MR.WARD: From a distance many years ago, I heard Martin Luther King mention that a monk had asked him to come out against the
Vietnam War and that he was nominating this monk for the Nobel Prize. And I had heard that before my wife introduced me to Thich
Nhat Hanh, and it was only during the middle of the retreat that the dots got connected for me.
MS. TIPPETT: Oh, in the early ’90s?
MR.WARD: In the early ’90s. Yeah.
MS. TIPPETT: That you realized that that was the monk?
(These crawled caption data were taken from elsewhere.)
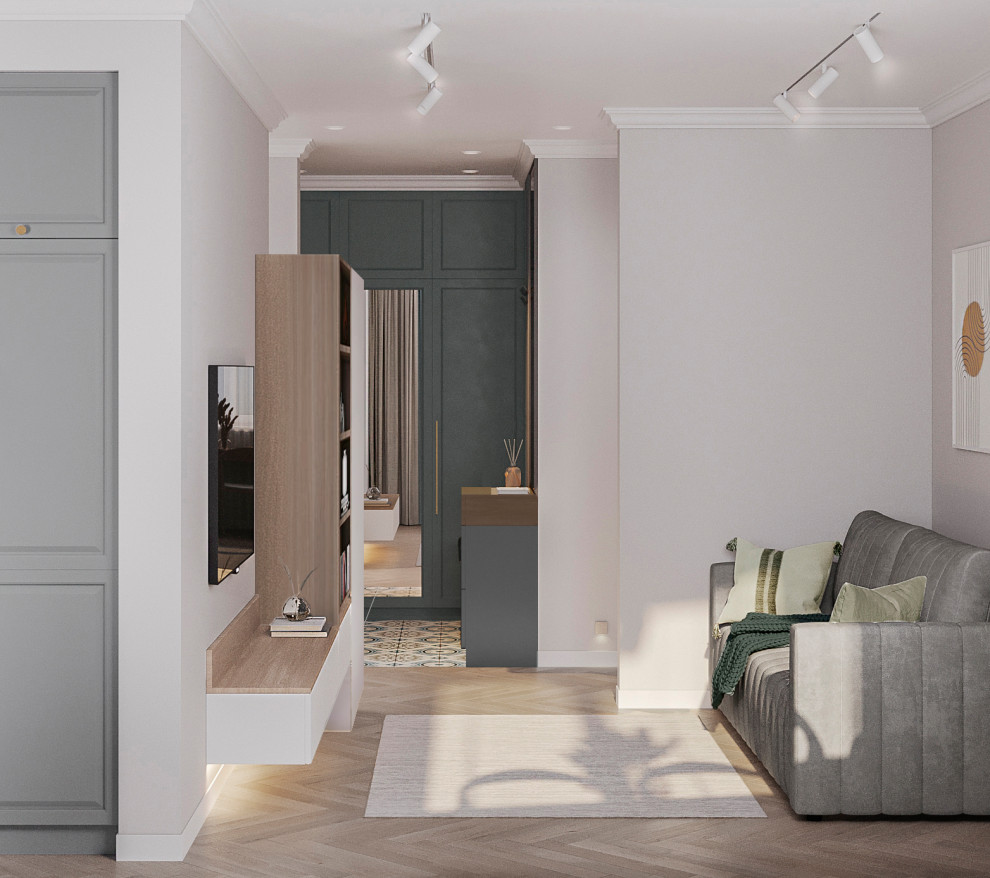 Ремонт трехкомнатной квартиры, Лыткарино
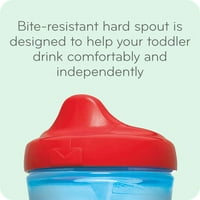 Első Essentials: Nuk Hard Spout Sippy Cup, oz., 2-csomag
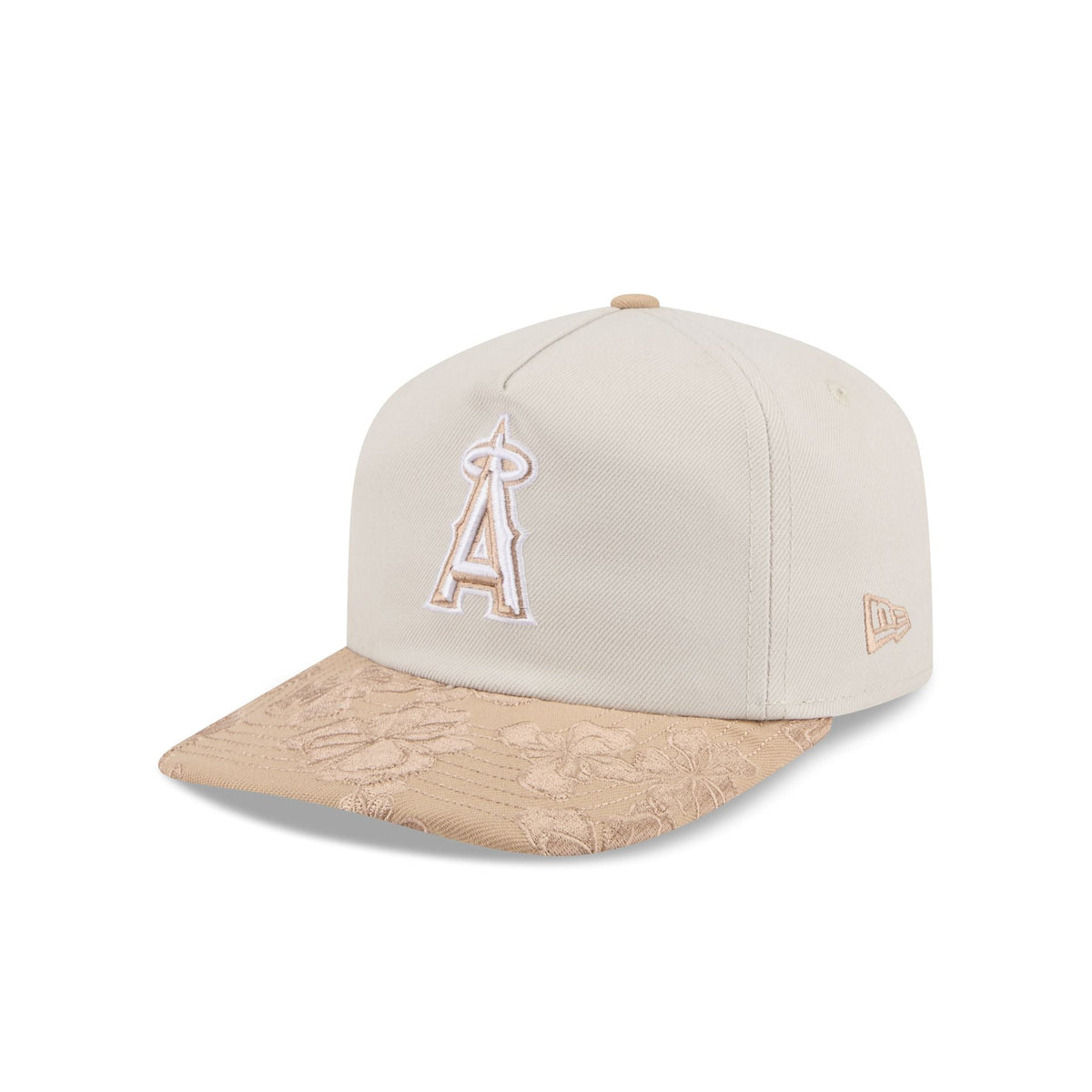 Los Angeles Angels Stone Floral 19TWENTY Adjustable Hat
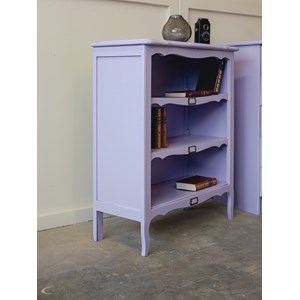 Gaëlle, l'étagère violette en pin n°687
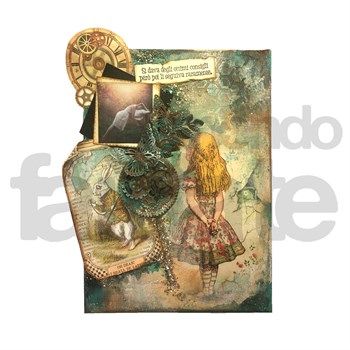 14/03/2019 Corso Mixed Media: Tela Alice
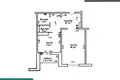 1 room apartment 45 m² Minsk, Belarus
MR.WARD: That was the monk.
MS. TIPPETT: Wow.
MR.WARD: And unequivocally, yes. Thay’s deep practice emerged in the midst of tremendous suffering of the war, and that’s a part to
me of his authenticity is if, as he’s able to be peaceful and graceful and kind — and I know some of the things he experienced in the war
because I also had family members in the war — but for him to be able to be that peaceful and that openhearted and that kind in the
midst of the suffering he experienced without denying the suffering, I think that’s a perfect model, pathway, through the African-
American experience into the full human experience.
MS. TIPPETT: A cynic would say, “Well, he can give these beautiful teachings about ending violence. And then there are these
individuals who come to a retreat like this who are clearly taking this seriously and taking this back to their lives, but they’re just drops in the ocean.”
MR.WARD: That is true. I am a drop in the ocean, but I’m also the ocean. I’m a drop in America, but I’m also America. Every pain, every
confusion, every good and every bad and every ugly of America is in me. And as I’m able to transform myself and heal myself and take
care of myself, I’m very conscious that I’m healing and transforming and taking care of America. Particularly I’m saying this for
American cynics, but this is also true globally. And so as we’re able, however small, however slowly, it’s for real.
MS. TIPPETT: Larry Ward lives in Asheville, North Carolina, where he’s co-director of the Lotus Institute devoted to the teachings of Thich Nhat Hanh.
The Venerable Thich Nhat Hanh makes his home at Plum Village in France.